— Какие девчонки? — равнодушно отозвался он. — Это школа для мальчиков.

— Подожди, поступишь в колледж, наверстаешь.

Шутки шутками, а былого взаимопонимания и след простыл.

Марко тоже явился на свадьбу, черт бы его побрал! Предатель — окрестила она его в душе и свернула в сторону, чтобы не встречаться.

В Нассау прямо в аэропорту играл оркестр, а «кадиллак» с откидным верхом домчал молодых на Парадиз-Айленд, где их вышел приветствовать управляющий отелем «Принцесса Санта». Очень похожий на Марко. Смуглый, сдержанный, с опасным блеском в глазах. Лаки прохладно поздоровалась с ним. Крейвен проявил больше дружелюбия.

Ничего не скажешь, Парадиз-Айленд произвел на Лаки сильное впечатление. Подходящее название для полоски прибрежной земли, где расположились несколько роскошных отелей. Из окон был виден бесконечный пляж с белым песком, чистейшая бирюзовая вода, пальмы и экзотический кустарник. Лаки не могла дождаться, когда можно будет надеть бикини и разлечься на пляже. Крейвен в клетчатых «бермудах» присоединился к ней. Его худое белое тело, казавшееся еще белее по контрасту с загорелыми руками и ногами, внушало ей ужас.

Как она все это выдержала? Зачем? Чтобы доставить удовольствие Джино? Или у нее просто не было выбора?
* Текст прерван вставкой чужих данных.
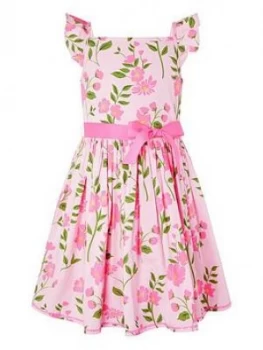 Image of Monsoon Girls S.E.W. Mavis Floral Printed Dress - Pale Pink, Size 4 Years, Women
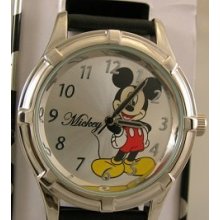 Mens Disney Mickey Mouse Black Genuine Leather Band Watch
В шестнадцать лет быть связанной с человеком, которого она даже толком не знала, не говоря уже о любви!

День был ветреным, но Лаки не боялась обгореть: ее смуглая кожа и так уже прокалилась на солнце на юге Франции. Она несколько раз предупреждала Крейвена, чьи лицо и тело начали приобретать специфический розовый оттенок.

— Ерунда, — отмахивался он. — Я еще ни разу не обгорал.

Все когда-нибудь случается в первый раз. В ту ночь Крейвен чуть не орал от боли, когда она накладывала мазь.

— У нас тут зверь, а не солнце, мэм, — сказал, широко улыбаясь, черный юноша в аптеке отеля.

Совершенно верно. Крейвену пришлось целых пять дней проторчать в четырех стенах, и Лаки вместе с ним.

Она терпеливо дожидалась. Она теперь замужняя женщина и хотела трахаться. Может быть, если закрыть глаза, удастся вообразить на месте Крейвена Марко? Законное право трахаться — хоть какая-то компенсация за согласие выйти замуж.

На шестой день медового месяца стало совершенно ясно, что, если она не возьмет дело в свои руки, вообще ничего не будет. Кожа Крейвена зажила. Он, конечно, облез, даже дважды, но рвался снова загорать.

На этот раз, вместо того чтобы надеть, как обычно, верхнюю часть пижамы, Лаки полностью разделась в ванной и так вышла в спальню. Она ничуть не стеснялась, а вот Крейвен перетрусил. Впрочем, его член мигом встал торчком, натянув пижамные брюки.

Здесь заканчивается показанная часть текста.